Family History (Pre-1917)

The pre-1917 Anglican Church in St Petersburg, located at 56 English Embankment, was known as the (British) Factory Church or Embassy Church or English Church (*), and later as the English Church of St Mary & All Saints, and had over 2000 on its electoral roll. Some photos of the church interior pre-1917 can be found on our Pinterest boards. The old English Church is now leased by the Russian state to the St Petersburg Music Hall which is in the process of renovating the building for use as a classical concert venue (from 2024/25).

Not unsurprisingly, following the seizure, closure & nationalisation of the English Church building by the Bolsheviks, the modern Anglican Church in St Petersburg, which held its first post-Soviet Eucharist service on November 7th 1993 (and currently holds its 4pm Sunday services in the ground-floor chapel of the Lutheran Petrikirche), retains no records or archive material relating to the pre-1917 period. 

Apart from a few items sent back to London in Victorian times for archiving purposes (or smuggled out of Petrograd via Odessa or Finland or China) and now held in the London Metropolitan Archives (LMA) (e.g. CLC/335), the surviving records and papers from the Anglican Church in St Petersburg (with some papers from church activity in Kronstadt, Schlisselburg, Archangel & Moscow) are to be found in the St Petersburg State Historical Archives (the site is in Russian only, so use Google or Yandex.Translate to view in English).

The online family records project of The Church of Jesus Christ of Latter-day Saints has collected a lot of the St Petersburg births, deaths & marriage records together and these can be searched online at www.familysearch.org, entering British Chaplaincy, St Petersburg in the Birthplace field and Russia in the Country field.

British burials in St Petersburg usually took place in the two main (German) Lutheran cemeteries, the Smolenskoye and the Volkovskoye, and in Kronstadt in the Lutheran cemetery there. There is no official online listing of graves, although the first two cemeteries do feature on the FindAGrave.com site - search under "Saint Petersburg" - and some graves are listed on this Russian site for the Smolenskoye Lutheran cemetery. And local researchers have published multi-volume books listing those graves still standing in the Smolenskoye (2 volumes by Robert Leinonen) and the Volkovskoye (4 volumes by Dr Benedikt Böhm) cemeteries. The cemeteries have suffered from neglect & vandalism (and partial redevelopment in the late Soviet period), but some graves in the Smolenskoye cemetery, including those of Charles & Francis Baird and of Arthur Macpherson, are still visible.

Besides the LMA, the other main UK centre of information on the British in Imperial Russia is the Leeds Russian Archive at Leeds University, which holds many family records & objects donated by the descendants of British families who had lived and worked in pre-1917 Russia/St Petersburg.

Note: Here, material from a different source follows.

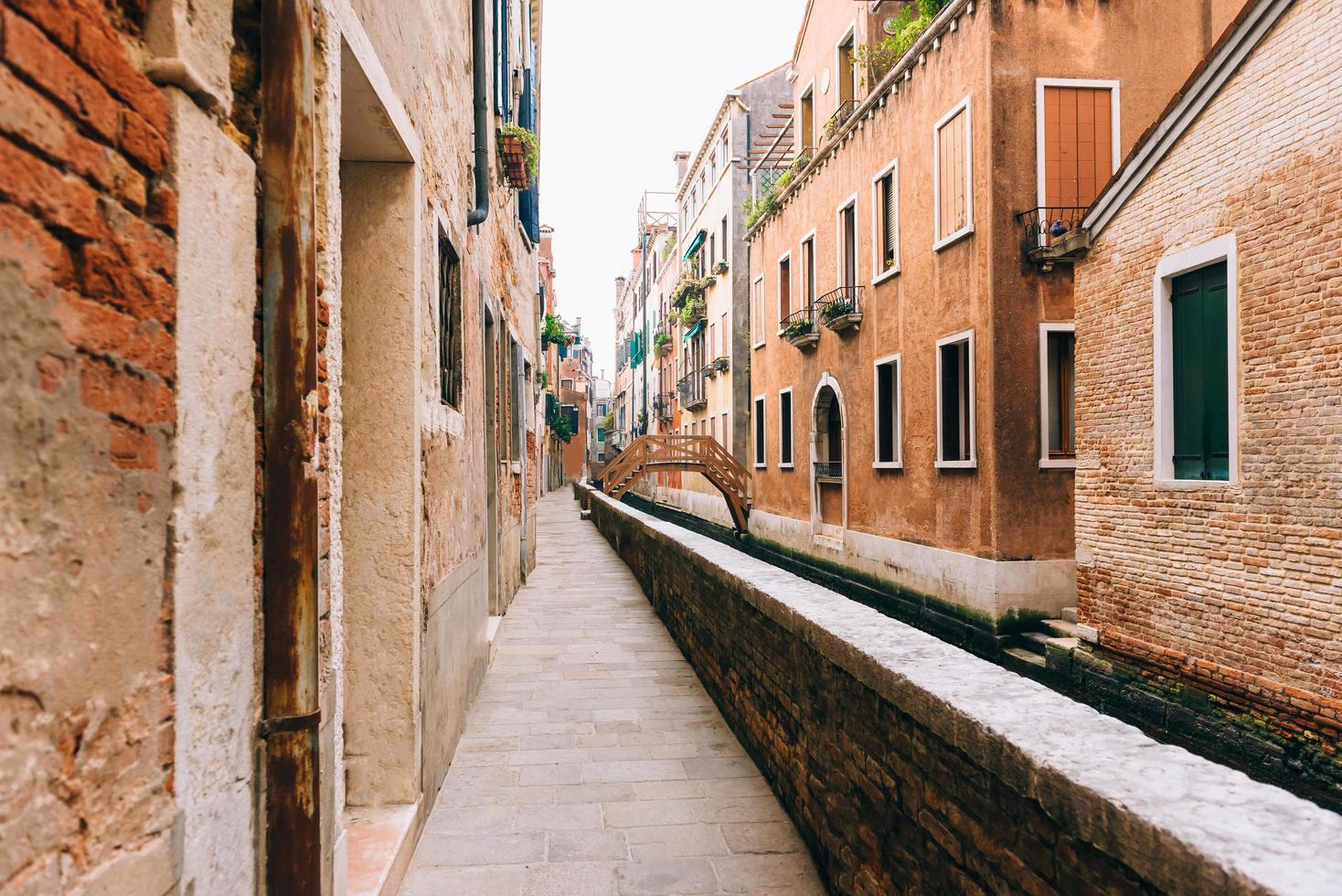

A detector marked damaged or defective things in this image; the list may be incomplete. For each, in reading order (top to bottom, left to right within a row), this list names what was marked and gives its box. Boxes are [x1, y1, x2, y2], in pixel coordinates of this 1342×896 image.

rusty metal pipe [257, 0, 320, 891]
rusty metal pipe [472, 0, 494, 228]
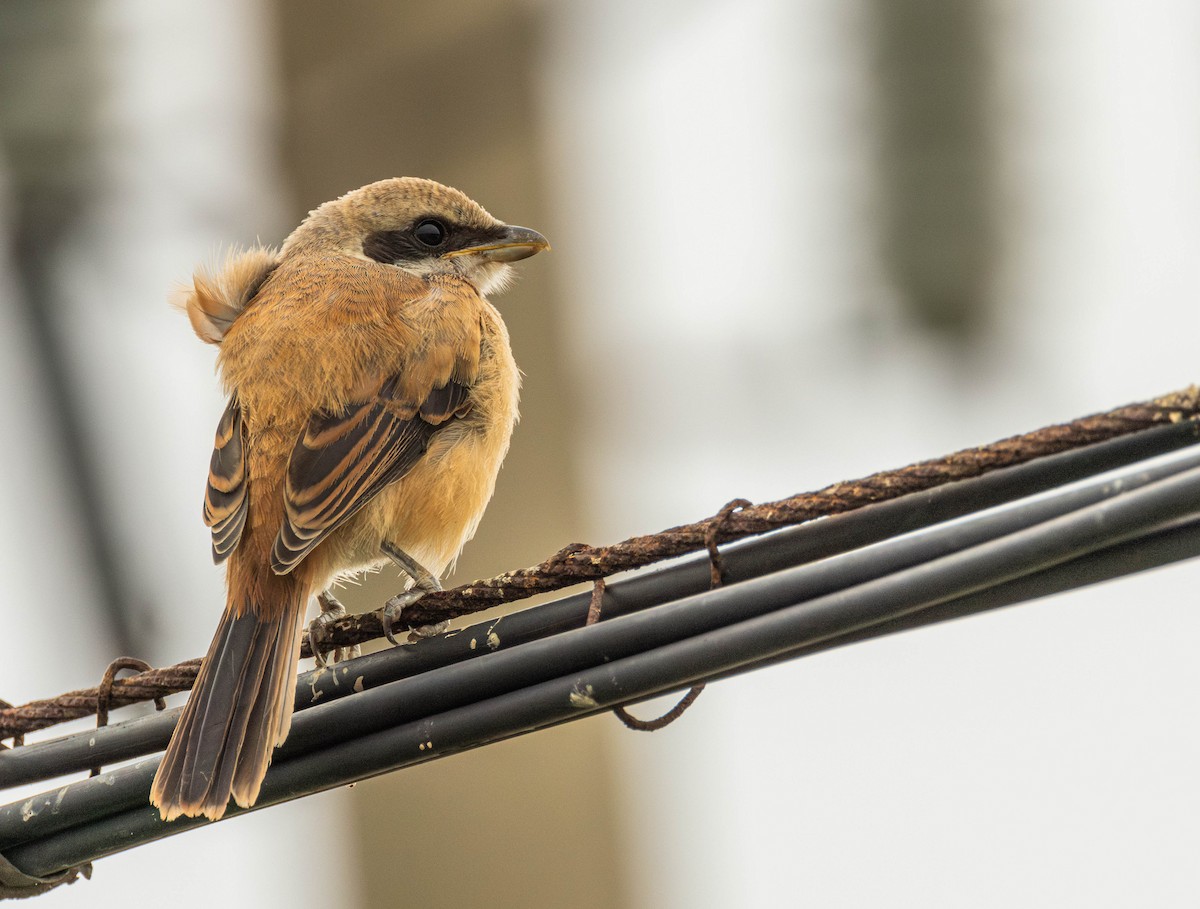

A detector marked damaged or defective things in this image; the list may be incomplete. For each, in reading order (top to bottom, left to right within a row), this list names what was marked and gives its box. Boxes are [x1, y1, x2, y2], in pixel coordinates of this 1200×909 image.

For more on the British community in the period up to, and immediately after, the Russian Revolution, see this catalogue from a 2017 exhibition, "Caught in the Russian Revolution", put on using items drawn from the Leeds Russian Archive. And for the personal story of one incredible individual, Violet Froom, who did so much to help elderly, infirm and destitute members of the British Colony left in Petrograd following the Revolution, using the English Church building as a nursing home/soup kitchen, see this short chapter, "The Story of an Englishwoman", from a 1956 book by Meriel Buchanan, daughter of the last British Ambassador to the Russian Empire.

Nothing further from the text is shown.